• Your instructions: If the records below hold pictures, omit them, and print exactly the lines from the first line through the line containing "Imagem de Alastech", inclusive.

• Task input:
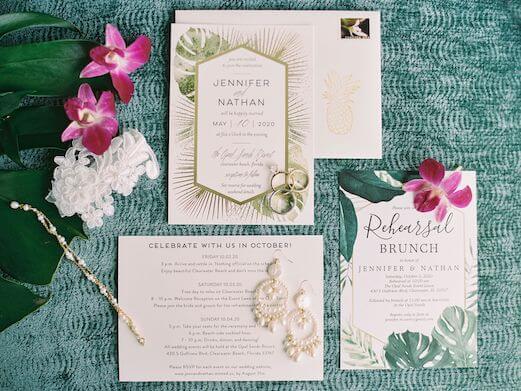 tropical inspired wedding invitations for a Hawaiian themed Clearwater Beach wedding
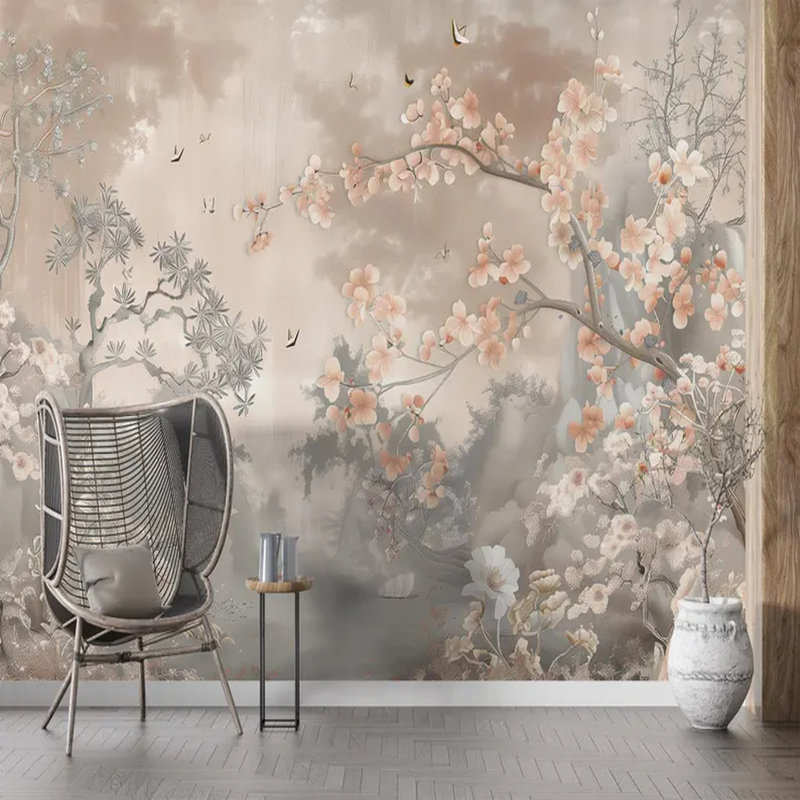 Blossoming Serenity Garden Mural, 96" L x 108" W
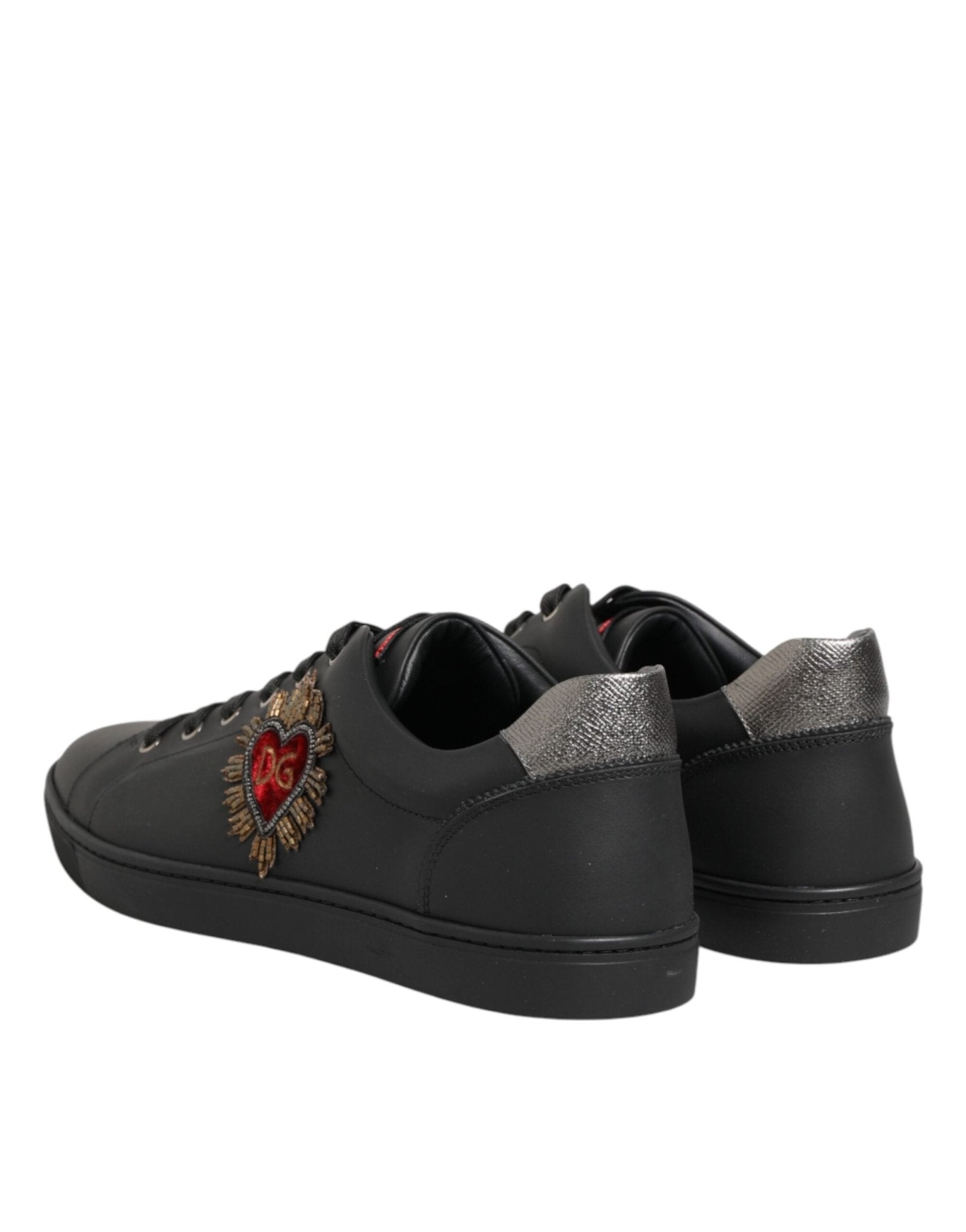 Dolce & Gabbana Black Leather Heart Embellished Sneakers Shoes - GET THE BRAND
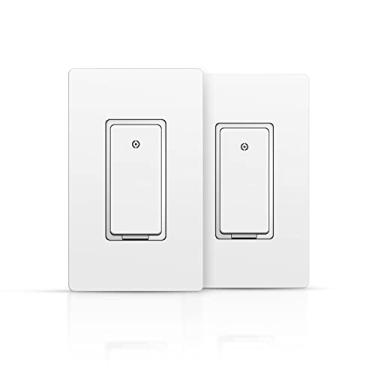 Imagem de Alastech Interruptor de Luz Inteligente, Interruptor Inteligente de Polo Único Compatível com Alexa, Google Home, Interruptor de Luz com Controle Remoto Wi-Fi de 2,4 Ghz, Fio Neutr (, Branco)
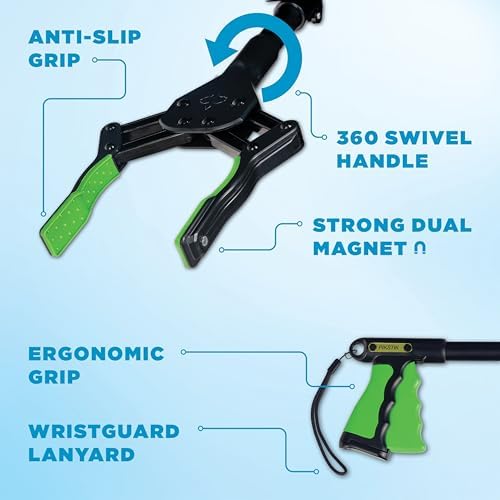 Folding Grabber Reacher Tool, 36-Inch, Green Gripper, Magnetic Tip | Heavy-Duty Trash Picker Upper & Post-Surgery Recovery Aid, Arthritis-Friendly Trigger Grip, 360-Degree Rotating Locking Head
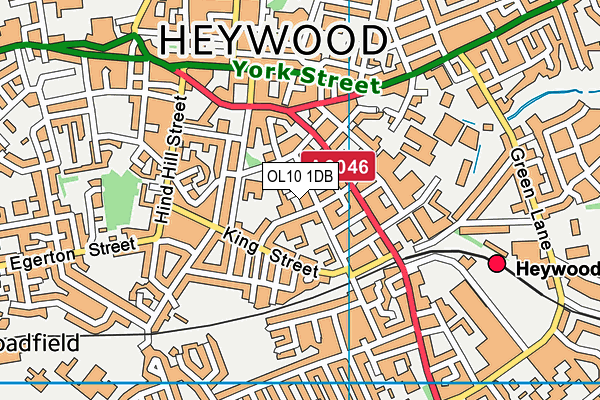 OL10 1DB map - OS VectorMap District (Ordnance Survey)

• Exercise response:
 tropical inspired wedding invitations for a Hawaiian themed Clearwater Beach wedding
 Blossoming Serenity Garden Mural, 96" L x 108" W
 Dolce & Gabbana Black Leather Heart Embellished Sneakers Shoes - GET THE BRAND
 Imagem de Alastech Interruptor de Luz Inteligente, Interruptor Inteligente de Polo Único Compatível com Alexa, Google Home, Interruptor de Luz com Controle Remoto Wi-Fi de 2,4 Ghz, Fio Neutr (, Branco)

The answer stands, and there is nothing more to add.